PROBLEM TO WORK ON: What you return must match the data below exactly, minus any pictures.

SUPPLIED MATERIAL section start

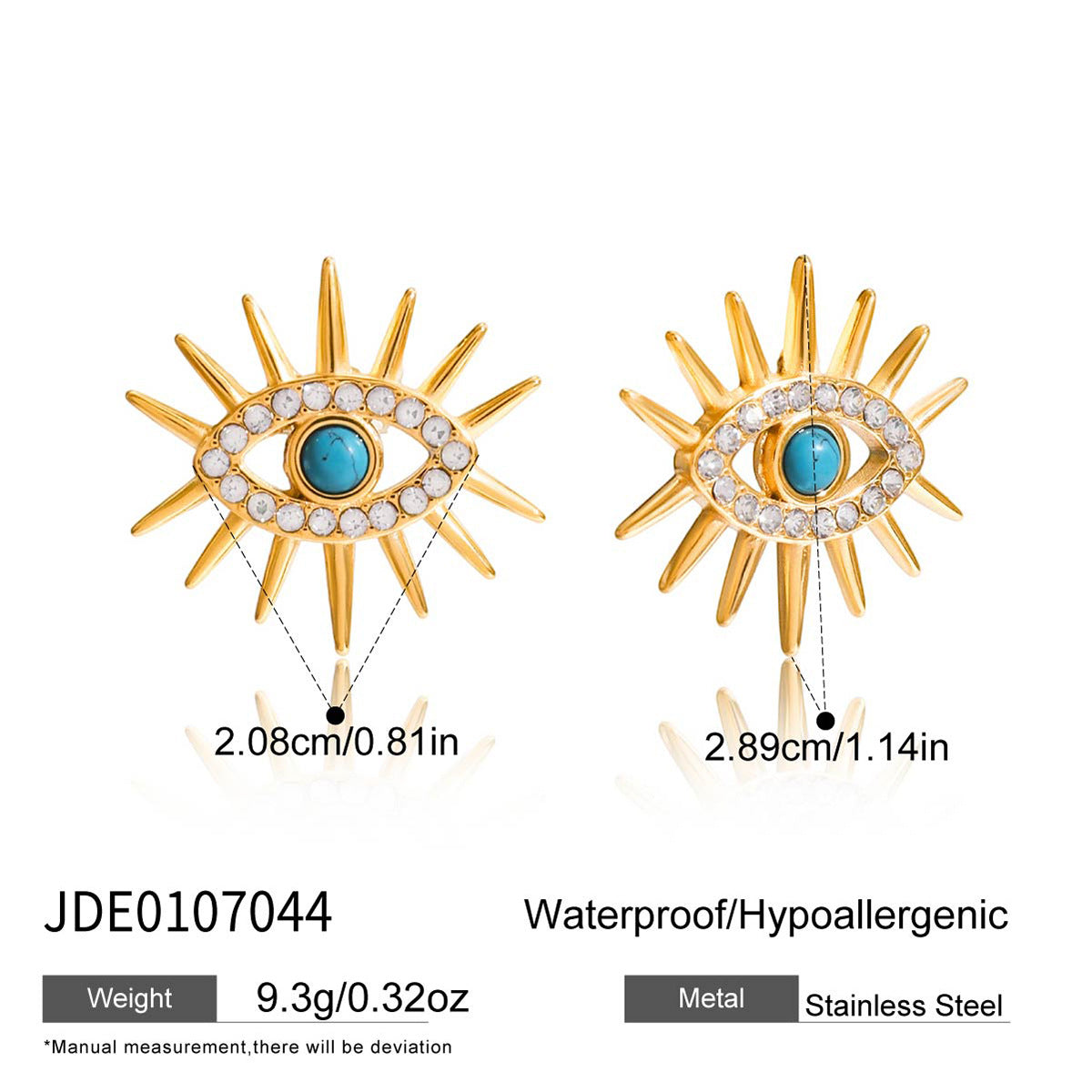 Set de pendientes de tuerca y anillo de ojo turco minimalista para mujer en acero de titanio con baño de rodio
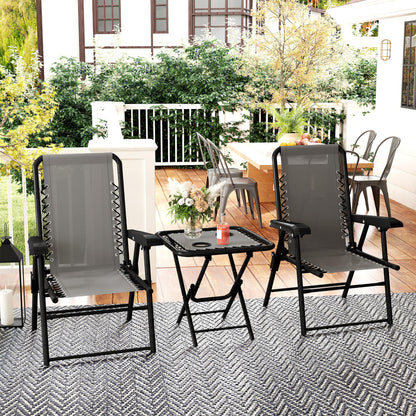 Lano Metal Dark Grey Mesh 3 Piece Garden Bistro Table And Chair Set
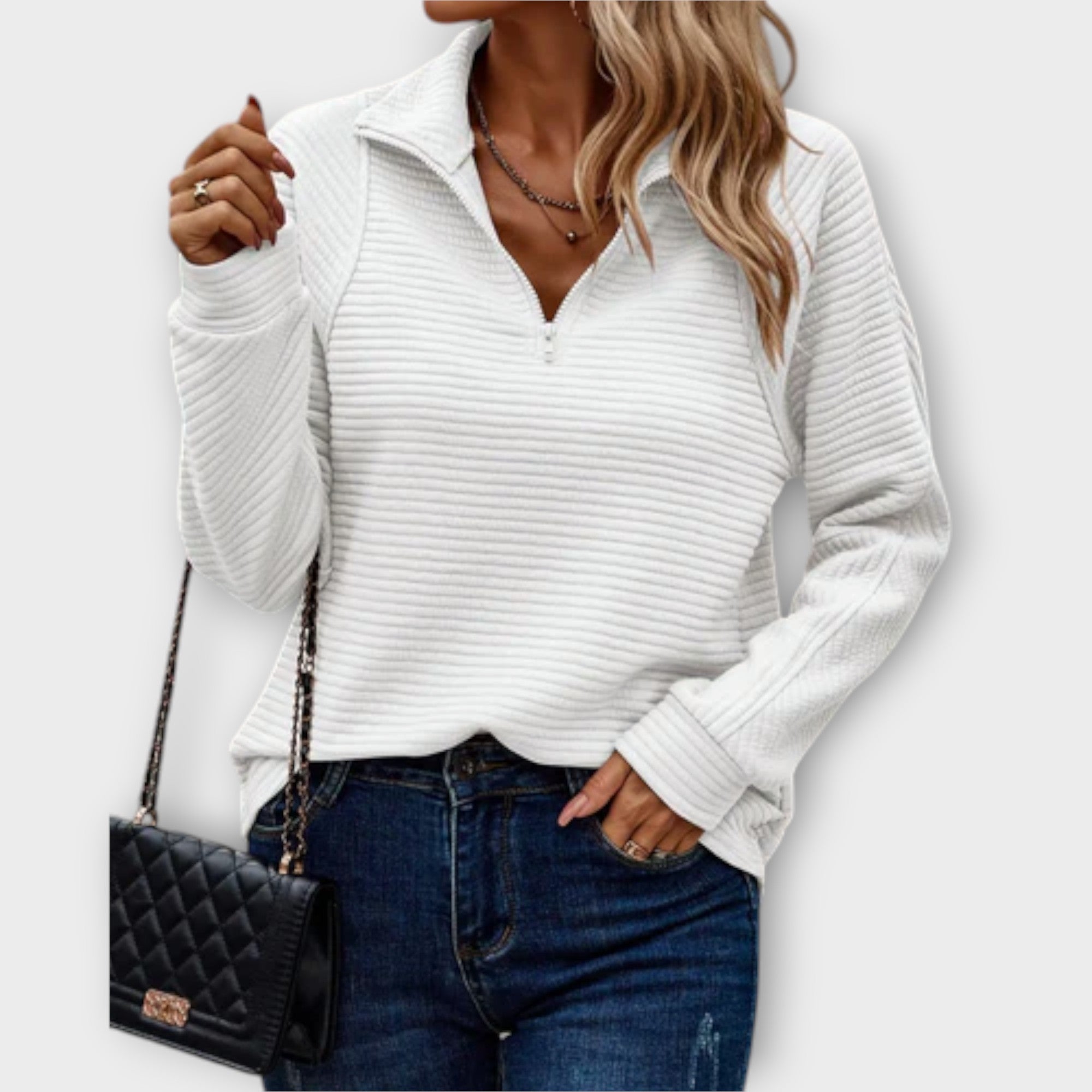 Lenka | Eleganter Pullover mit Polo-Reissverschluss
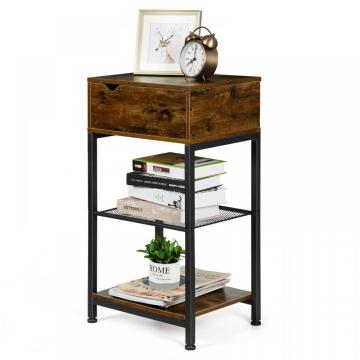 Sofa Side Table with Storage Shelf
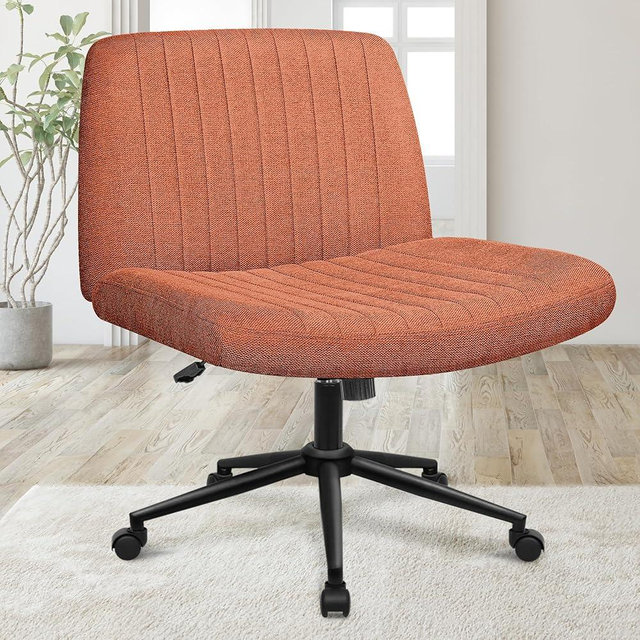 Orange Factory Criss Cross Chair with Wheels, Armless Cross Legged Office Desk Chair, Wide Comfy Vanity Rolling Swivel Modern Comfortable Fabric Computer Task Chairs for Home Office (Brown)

SUPPLIED MATERIAL section end

COMPLETED EXERCISE:
 Set de pendientes de tuerca y anillo de ojo turco minimalista para mujer en acero de titanio con baño de rodio
 Lano Metal Dark Grey Mesh 3 Piece Garden Bistro Table And Chair Set
 Lenka | Eleganter Pullover mit Polo-Reissverschluss
 Sofa Side Table with Storage Shelf
 Orange Factory Criss Cross Chair with Wheels, Armless Cross Legged Office Desk Chair, Wide Comfy Vanity Rolling Swivel Modern Comfortable Fabric Computer Task Chairs for Home Office (Brown)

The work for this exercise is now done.